I’m really looking for a general discussion on this topic, not a specific answer to my question.
My parents give the same amount to each daughter and son in law separately. None of us lived together before marriage, so I am not sure how that would have been handled. Last Christmas was the first time D’s f(then boyfriend, now fiance) was with us for Christmas. I gave him a stocking about equal to what I gave my own kids and then presents to my kids.
D and fiance are getting married just after Christmas this year and will be with his family for Christmas. I will likely give them stockings and then on Christmas morning I will give a stocking and gifts to my younger son that still lives at home.

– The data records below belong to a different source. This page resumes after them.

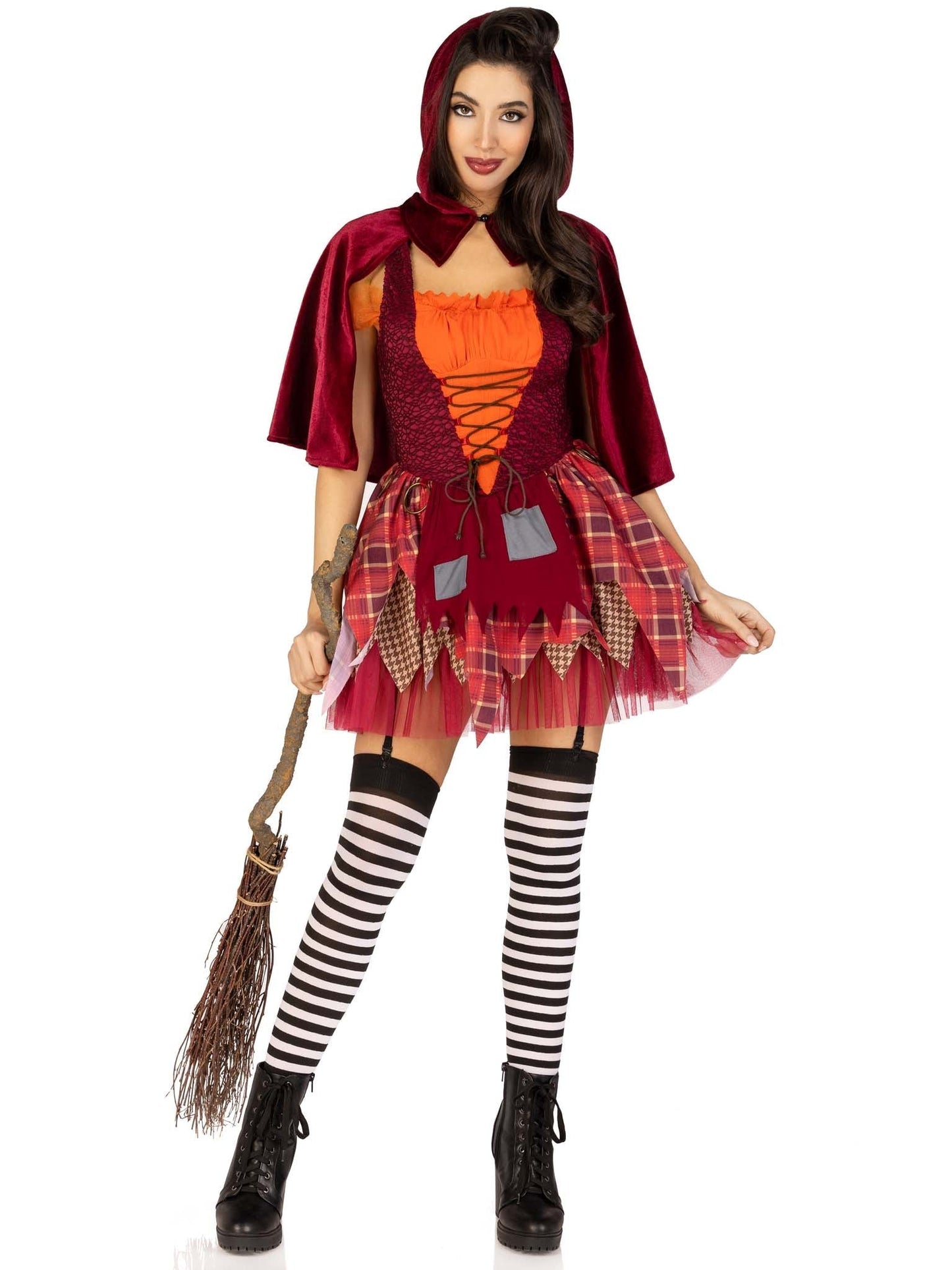 Salem Sweetie Costume - Unspoken Fashion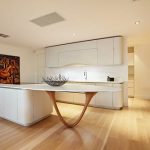 Modern kitchen island ideas for kitchens with a great design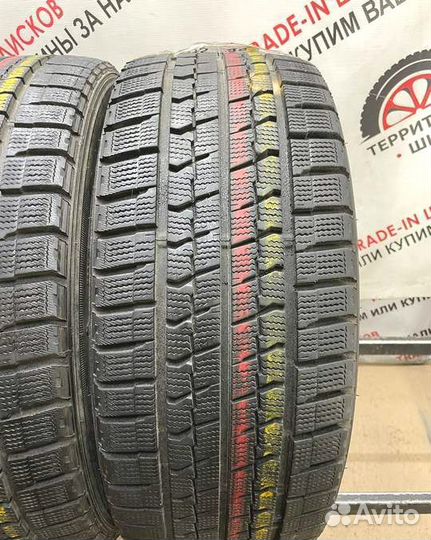 Goodyear Ice Navi Zea II 215/45 R17 86R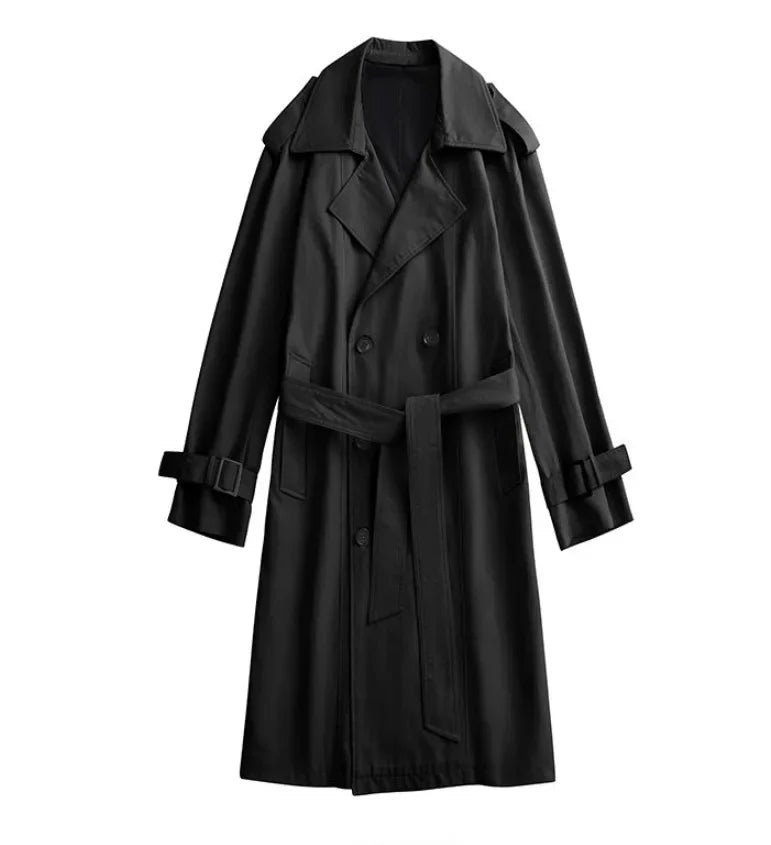 The London Trench Coat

I’m trying to think back to how my parents and inlaws handled gifts when we had our year of co-habitating before our wedding. If I’m recalling properly (and it’s been a long time), I believe my future in-laws gifted me with a nice purse and my parents addressed their check to both of us (no increase in amount). My in-laws never moved to checks for the holidays until much later in our lives and we received a lot of joint household goods for a long while. My parents did a combo and at some point transitioned to equal amounts for both of us.
I don’t really think there is a right or wrong here. Just whatever you think makes the most sense.
I don’t spend as much on my daughter’s live in boyfriend as I do on my daughter or her sisters. I probably spend half on him what I spend on the others. And I can’t imagine he would expect to receive as much as they do. So, if you’re doing cash, I would give the boy/girl friend half of what I was giving to the others.
When my relatives spend the holidays with us, we gave them similar gifts to what i generally mailed them, plus a stocking similar to what I gave the kids and H. I didn’t try to equalize as the and we don’t spend as much on exchanges as the gifts I tend to give H and my kids.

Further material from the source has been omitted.